The 3 major goals, eating, living and procreating already come with wide array of strong feelings guiding us to the right choices. The feelings of hunger, aggression, food enjoyment show us the path to sources of nutrients, energy and building blocks of our bodies. Enjoyment of sex, romanticizing future partners or love and bonding are quite forceful in pushing us to procreation. It is the same story with survival instincts, like fear if bugs, heights and predators; enjoyment of green meadow, attraction to fire, or basking in the warm sun, leads us to the right choices, without a need for a long analytical process of these options. Understanding how food works in our bodies or details about insemination are not needed for this system to work.
Why nature should trust animal logic, or even human kind, if these strong, preprogramed and learned, feelings can make the right choices for us, or any other living creature? Obviously it worked fine, for many millions of years, in our ancestors and their ancestors to prove this system validity, and efficiency.

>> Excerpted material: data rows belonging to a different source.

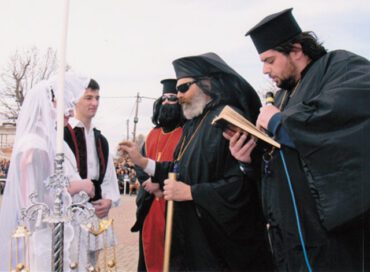 Αναβιώνει και φέτος ο «Καραγκούνικος Γάμος» στα Μεγάλα Καλύβια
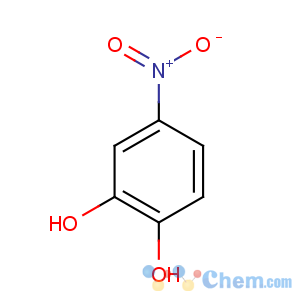 CAS No:3316-09-4 4-nitrobenzene-1,2-diol
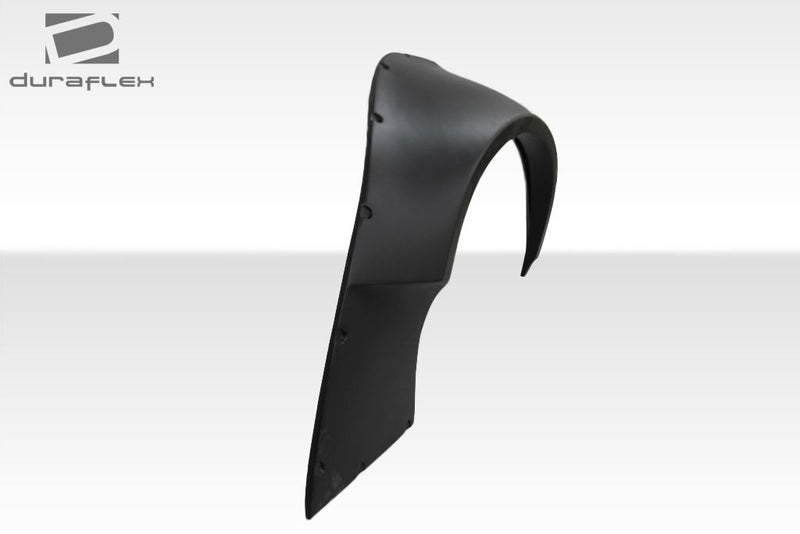 2009-2020 Nissan 370Z Z34 Duraflex 75mm Circuit Front Fender Flares - 2 Piece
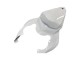 2006-2007 White Matte Black Yamaha YZF 600 R6 Motorcycle Fairings UK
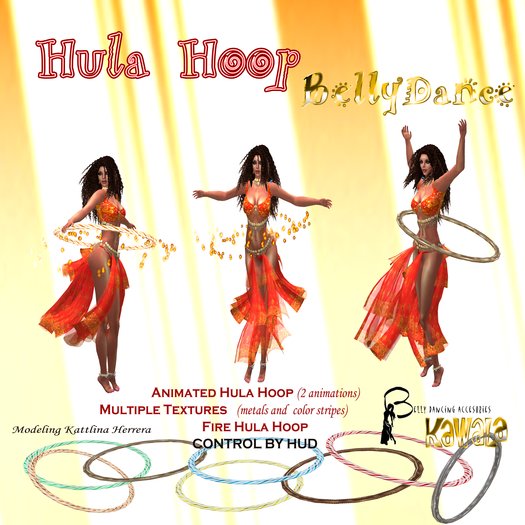 *Kawala* Hula Hoop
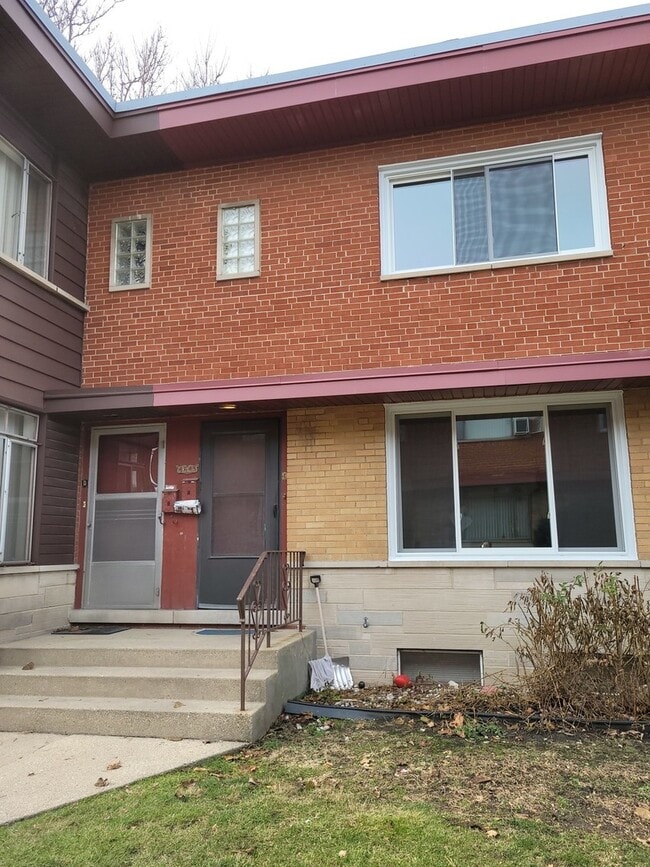 property at 4643 Church St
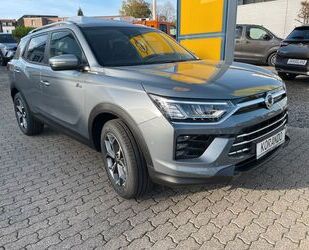 SsangYong Korando Gebrauchtwagen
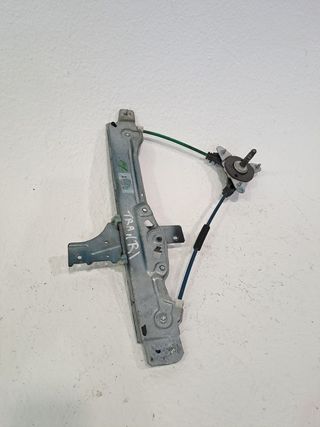 ELEVALUNAS TRASERO DERECHO PEUGEOT 208 641153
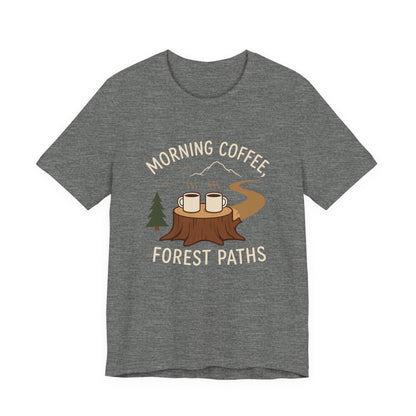 Morning Coffee T-Shirt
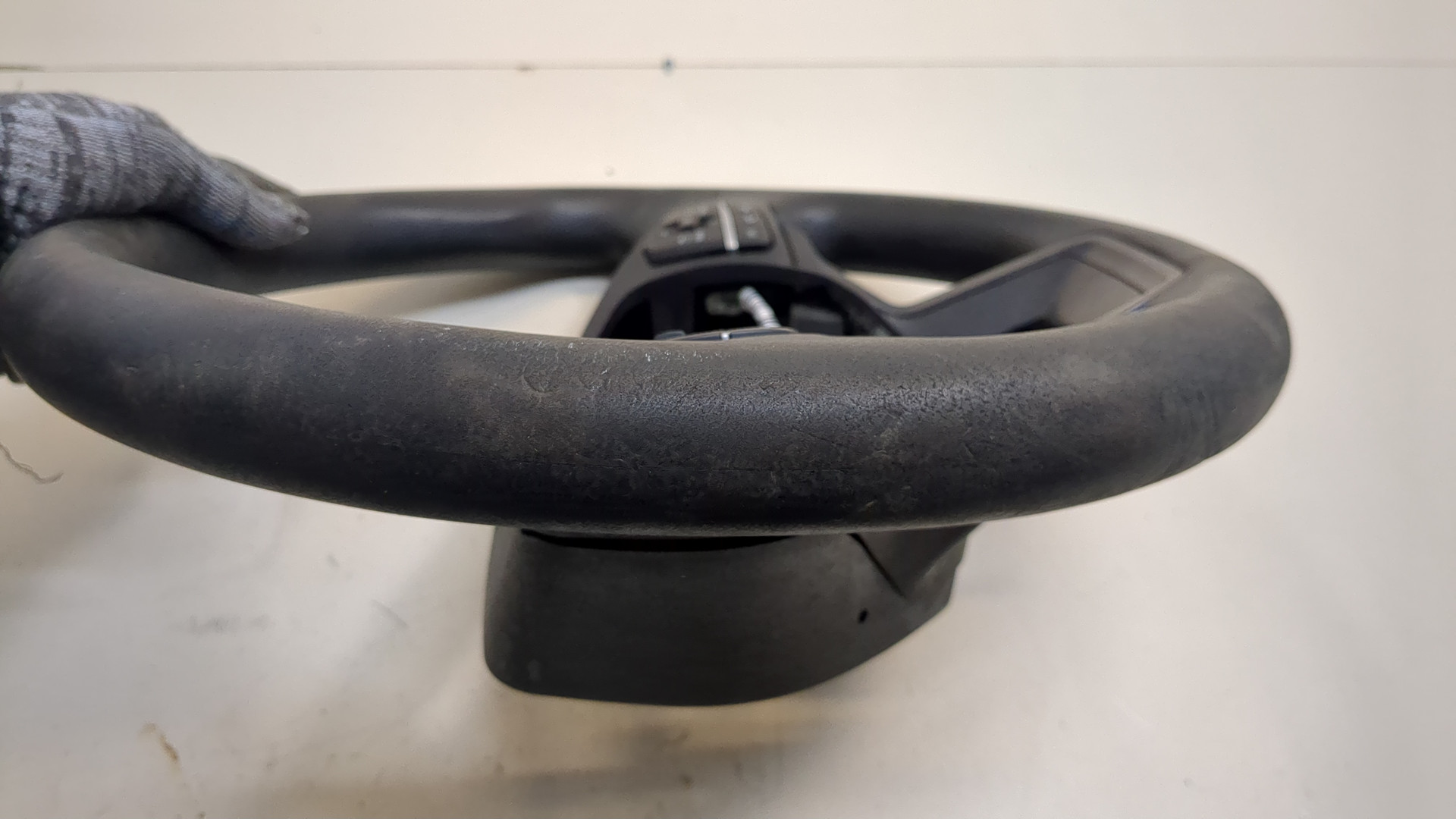 Рулевое колесо (руль)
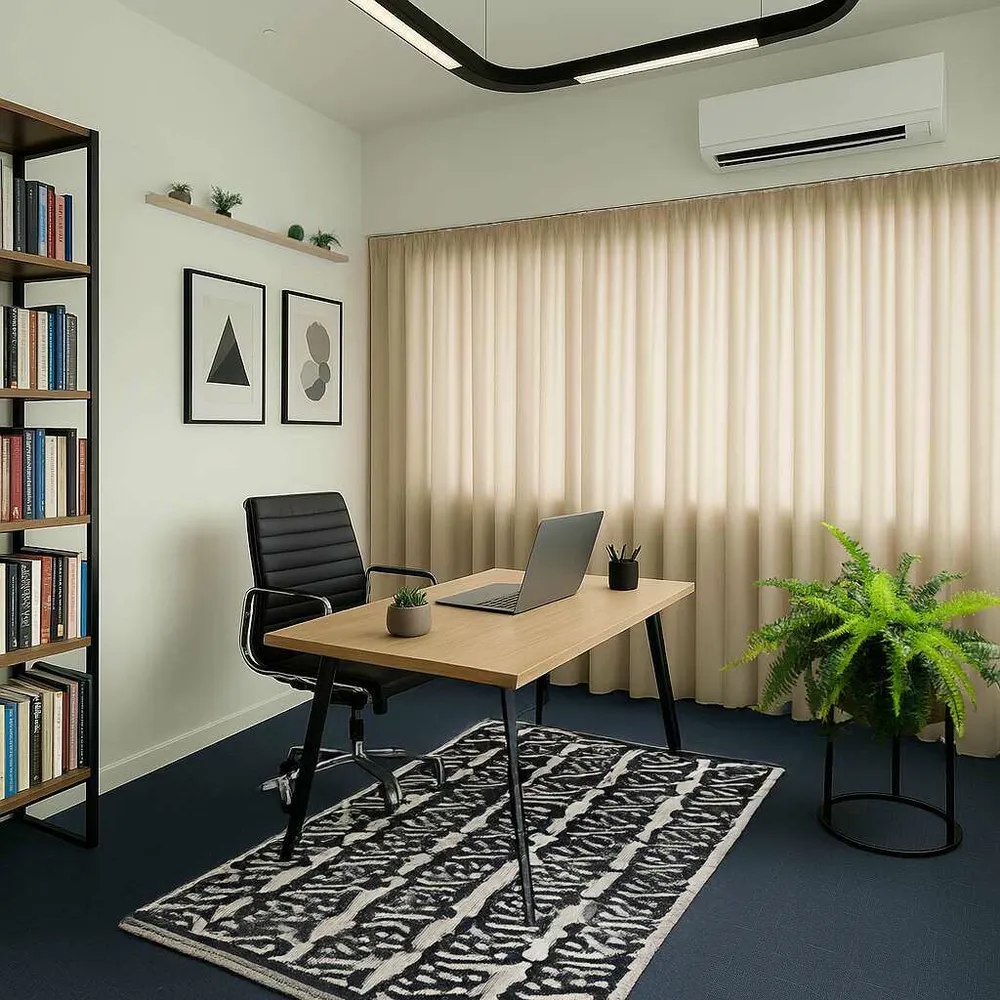 Sala-Conjunto, 28 m² - Foto 1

But enough about role of feelings in our lives. Where do the beliefs fit in this scenario?
Beliefs are part of our Imagination, so let’s imagine following scene. You are alone and hungry in woods and came upon a ravine beyond which you can see a field of blueberries. On your side of ravine the food source is unknown. This ravine is deep enough to get killed when falling in, but narrow enough to jump over when you could give your best shot. Let’s assume that you don’t have crippling fear of heights, because if you do, your nature already made a choice for you. You are also lacking tools to make a bridge. You are a simple, hungry paleolithic human.
What would you do?

Either you jumped or not, you would spend a little time contemplating two scenarios. In first one you jump, you make it to the other side, and you get food. In second one you imagine yourself falling in and possibly killed. Not knowing the outcome (per definition that we don’t know our future), you had to take a leap of faith. You had to believe in one of the scenarios to make your decision. Either you believe that you’re going to make it or you believe that you don’t. In short, you made a decision rather quickly and you moved on.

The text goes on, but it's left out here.